In the same way, toString() is overridden in both Car and Bike. However, unlike for move(), the overridden version of toString() calls the original, Vehicle version of toString() using the super keyword: super.toString();.

Abstract classes

You also met abstract classes in COM411. An abstract class is a class that will never be instantiated; it serves only to be the superclass of inherited classes, and to provide common data and methods. Abstract classes typically contain abstract methods, which are methods containing no code; they will be overridden in subclasses. For example we could have an Animal abstract class with a makeNoise() abstract method (as there is no default noise made by a generic Animal!):

public abstract class Animal
{
    protected int age, weight;

    public Animal(int ageIn, int weightIn)
    {
        this.age = ageIn;
        this.weight = weightIn;
    }

    public abstract void makeNoise();
}

and then inherit Cat and Dog from it, overriding makeNoise() appropriately. Cat and Dog are concrete classes: classes you can create instances of.

public class Cat extends Animal
{
    public Cat(int ageIn, int weightIn)
    {
        super(ageIn, weightIn);
    }

    public void makeNoise()
    {
        System.out.println("Meow!");
    }
}

public class Dog extends Animal
{
    public Dog(int ageIn, int weightIn)
    {
        super(ageIn, weightIn);
    }

    public void makeNoise()
    {
        System.out.println("Woof!");
    }
}

Exercises

Update your Cat project from last week by adding the walk() method from the "Passing parameters to methods" example, above, to your Cat class. Also modify the Cat's eat() method so that the weight can never go above 20. Print a suitable error message if an attempt is made to increase the weight beyond that amount.
Change the display() method to a toString() method, as in the example above.
Modify your Cat's eat() method further, so that it now takes a parameter of amount. The weight should increase by the specified amount.
Return to your Student project from last week. Add three simple getter methods, getName(), getCourse() and getMark() method to your Student class. These should simply return the appropriate attribute.
Change printDetails() to a toString() method which returns the details as a string.
Add a setMark() method to your Student class, to set the student's mark. The method must validate the mark, and check that it is between 0 and 100. The mark should only be updated if it is valid.
Add a getGrade() method to Student. This should return the student's grade as a String based on the mark, according to this scheme :
- 70+ : First
- 60-69 : 2/1
- 50-59 : 2/2
- 40-49 : Third
- 0-39 : Fail
Add a didPass() method to Student. This should return a boolean, depending on whether the mark is above or below 40.
Change the Student constructor so that the mark is no longer passed in as a parameter, and instead, set the mark to 0. The idea is that setMark() will be used instead to set the mark later
Replace the printDetails() method with a toString() method.
Test out the above methods by modifying the main() method of your existing program so that:
- After creating each student in the loop, the name and course are printed by calling the getName() and getCourse() methods.
- Then, prompt the user for the mark and read it in from the user with the Scanner.

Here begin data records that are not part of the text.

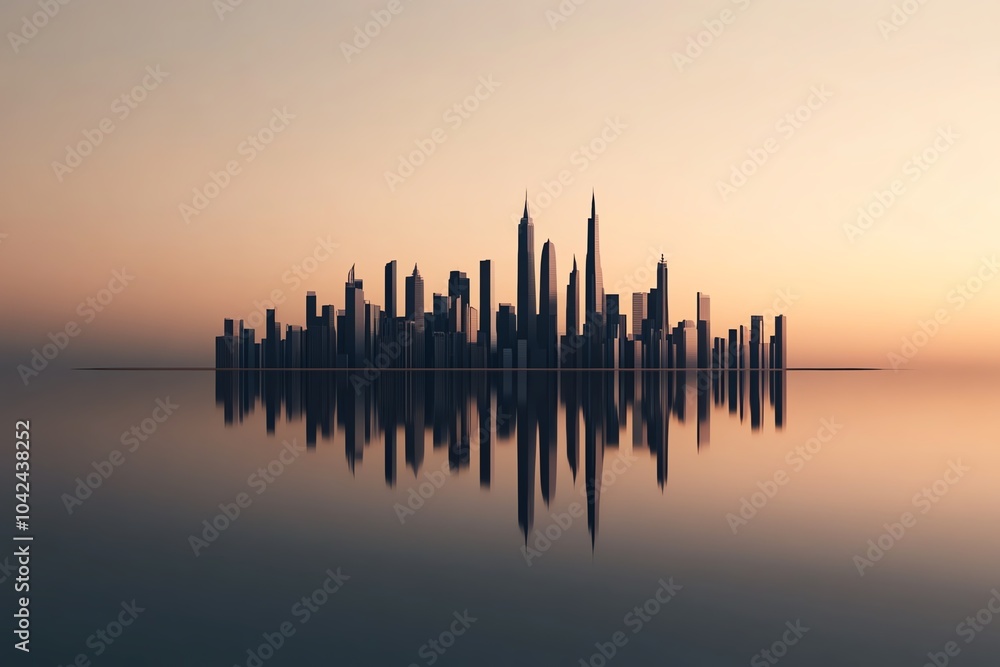 Stunning skyline reflection at sunset, showcasing modern architecture and serene water scenery in peaceful ambiance. Stunning skyline reflection at sunset, showcasing modern architecture and serene water scenery in peaceful ambiance.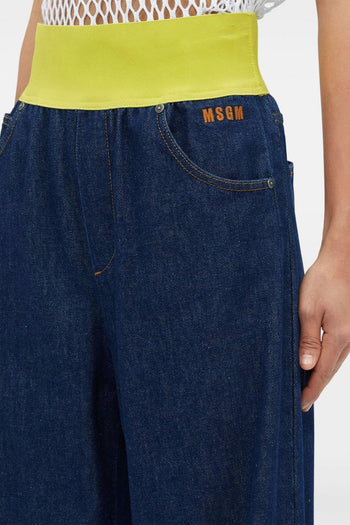 Donna Pantalone Blu Gamba Ampia - 4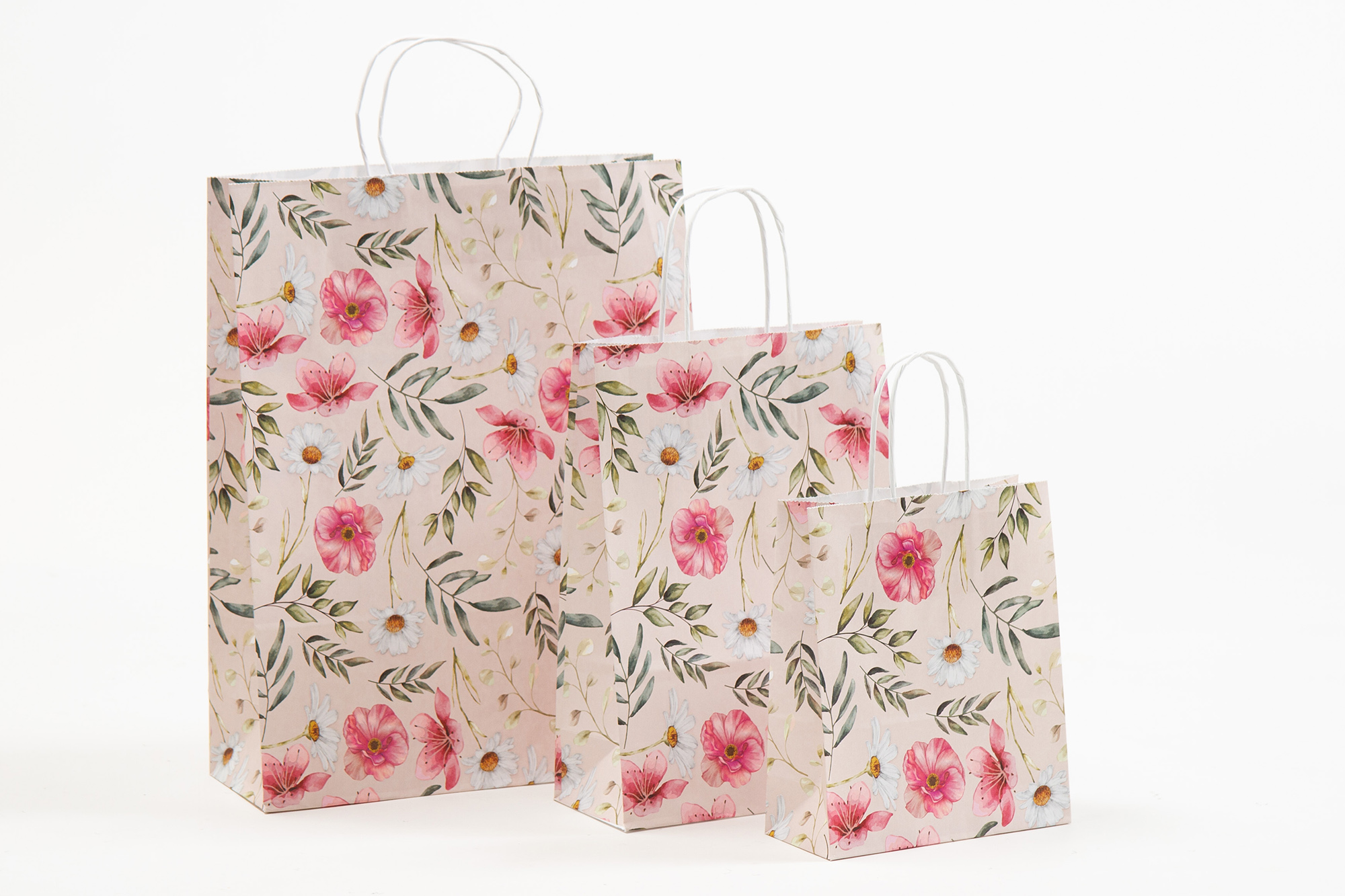 Gruppenbild Papiertragetaschen mit gedrehter Papierkordel Blütenpracht Blumen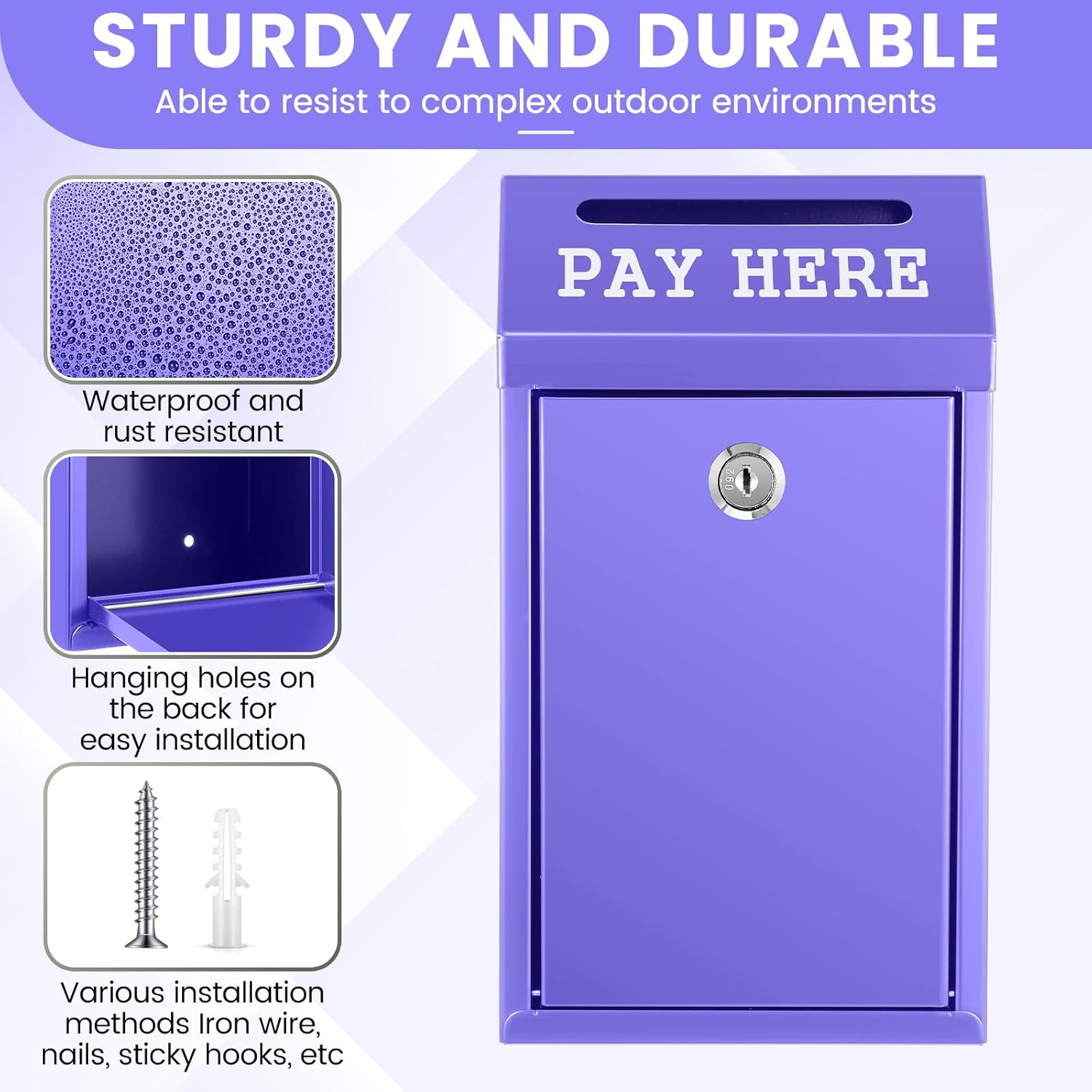 Safe Cash Box Money Collection Metal Donation Box with Lock Wall Mount Pre Drilled Mailbox Delivery Ballot for Home Office Outdoor Self Serve Stand (Purple,10.2 x 5.7 x 2.8 Inch)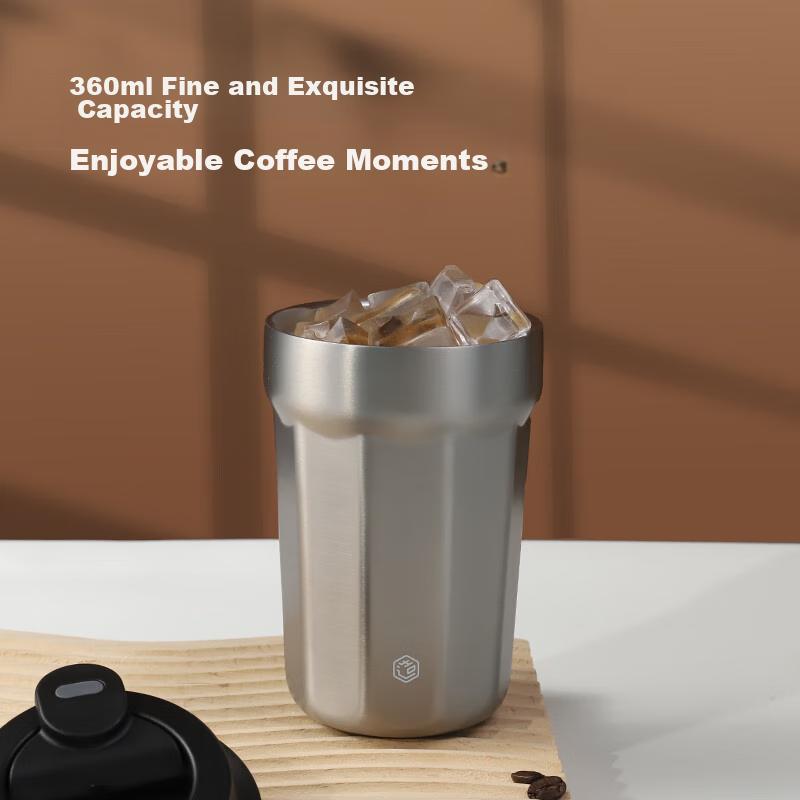 JD Original Insulated Mug Coffee Cup Portable Water Bottle for Men And Women, Practical Cup Silver Gray 360ml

Set the mark using setMark(). Print the student's status (mark, grade, and whether they passed or not) by calling the getMark(), getGrade(), and the didPass() methods, and printing the return value of each.
Create an inheritance hierarchy to represent different types of student. The classes Undergraduate and Masters should extend from Student. Make Student an abstract class and change the getGrade() method of Student to be abstract, and provide overridden versions of getGrade() for Undergraduate and Masters. The undergraduate version should work exactly the same as the version above. The masters version should instead return the following grades:
- 70+ : Distinction
- 60-69 : Merit
- 40-59 : Pass
- 0-39 : Fail
Test it by creating a few undergraduate and masters' students in your main(), and printing their grades. You do not need to read them in from the keyboard; you can just hard-code them.